APPG for Entrepreneurship Newsletter: June 2026

With SXSW London in full swing and founders, investors and policymakers preparing to descend on Olympia next week for London Tech Week, it’s a good moment to reflect on how Britain is faring as a place not just to start a company, but also to scale and stay.

On the first of those three, Britain excels. Few countries can match our density of world-class universities, the level of early-stage finance, or the sheer number of people willing to take the plunge. According to the Global Entrepreneurship Monitor, 36% of working-age adults in the UK are either running a new business or intending to start one within the next three years.

On scaling and staying in Britain, the picture grows more complicated. The Treasury’s Call for Evidence on tax support for entrepreneurs notes that many promising British companies start casting around overseas for capital and opportunity the moment they try to grow. Founders made a similar observation at a recent APPG Evidence Session: firms often plateau at a modest size, or sell early, at precisely the moment they ought to be rocketing. The UK ScaleUp Investment Report found that although over £17 billion was invested into innovative British companies, fewer than 600 raised Series A or B funding (around £3.5 billion). In addition, only about 7% of seed-funded startups progressed to securing institutional scaleup capital.

The Government has taken several measures, the most notable of which came at last autumn’s Budget, including the biggest overhaul of the Enterprise Management Incentive (EMI) and Enterprise Investment Scheme (EIS) regimes in over two decades. The gross-assets ceiling for EMI has quadrupled to £120 million — so that companies can roughly double in size and still qualify — and the window to exercise options has been stretched from ten years to fifteen.

Alongside this, the Call for Evidence invited founders and investors to say how the wider tax system — including more difficult questions around Business Asset Disposal Relief — might better support firms at every stage of their journey. It closed in February, and the Government has promised a response in due course. That’s worth watching closely.

In the meantime, there are plenty of bright ideas. UK Private Capital has proposed a Scale-up Reinvestment Relief, to incentivise founders and entrepreneurs to support the ‘flywheel’ effect by reinvesting their capital and expertise into the UK’s startup and scale-up ecosystem. In a similar vein, Tech Nation has floated a ‘Repeat Entrepreneur Relief’, allowing founders to defer capital gains tax on an exit if they reinvest the proceeds into other British startups. Such proposals draw inspiration, in part, from the US QSBS Rollover. In the US, if a founder or investor sells Qualified Small Business Stock (QSBS), Section 1045 lets them defer the entire capital gain — rather than pay tax on it straight away — provided they reinvest the proceeds into a new qualifying startup within 60 days.

The instinct is good; someone who has already built and sold one company is exactly the person you want building — and backing — the next.
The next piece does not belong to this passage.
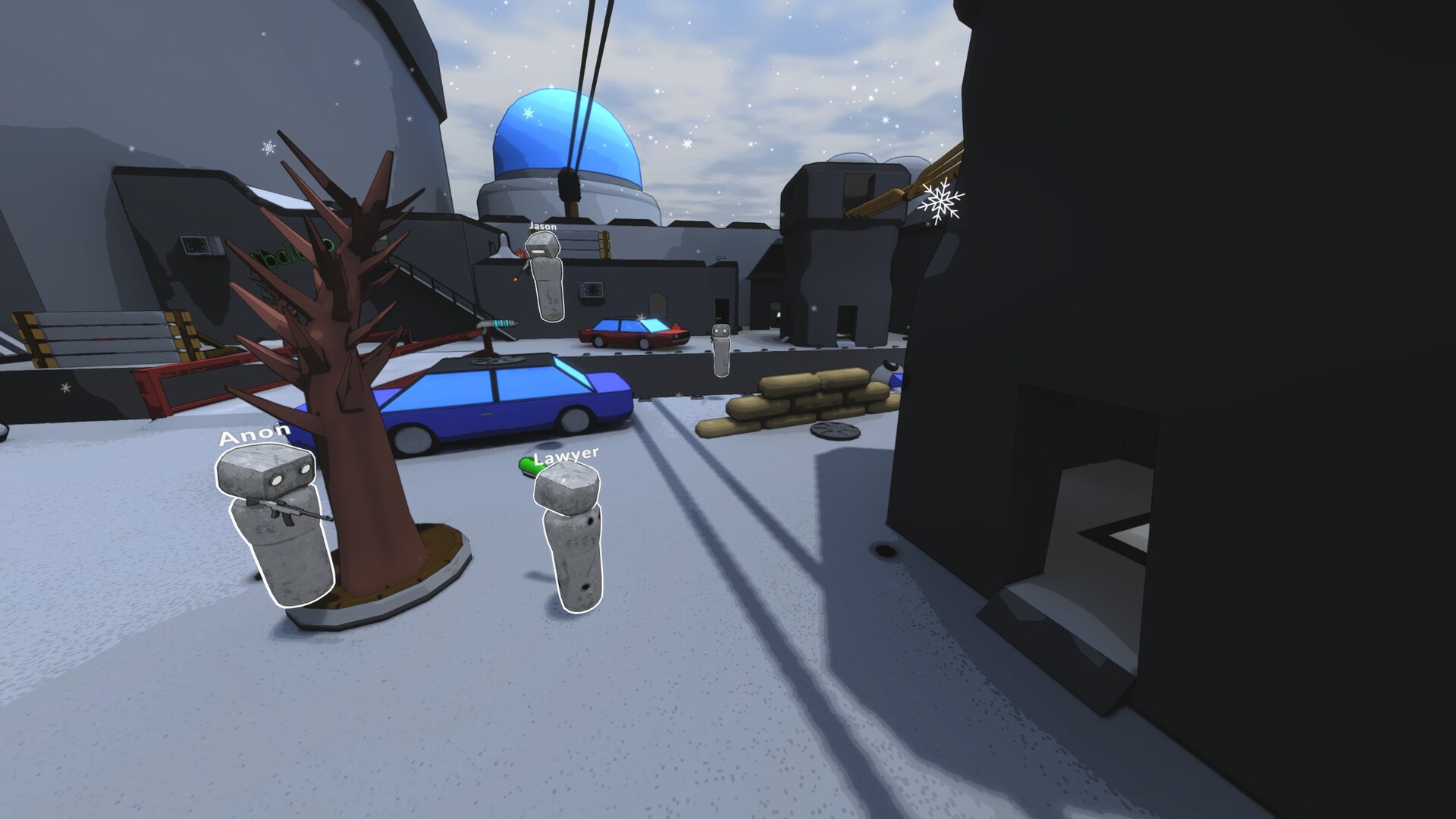 Fallgate screenshot #5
Of course, there’s work to be done to iron out details around cost and complexity for such a scheme in the UK. But rewarding founders for recycling their capital and hard-won experience back into the ecosystem is a good idea.

At the same time, as the Chartered Institute of Taxation has warned, there’s a danger of leaning too heavily on investor reliefs while overlooking the more mundane grit in the system — the administrative burden, the regulatory friction, the hours founders lose to compliance rather than building. It is a point that chimes with much of what we’re hearing in our APPG Evidence Sessions, and a healthy reminder that tax is only part of the story. Whether a founder chooses to scale here rather than relocate is shaped, too, by broader factors: the supply of talent, the cost of housing, the quality of everyday life, whether a partner can find work and the children a good school.

Adviser Update

Latest news, research and events from our Advisers

With SXSW London in full swing and founders, investors and policymakers preparing to descend on Olympia next week for London Tech Week, it’s a good moment to reflect on how Britain is faring as a place not just to start a company, but also to scale and stay.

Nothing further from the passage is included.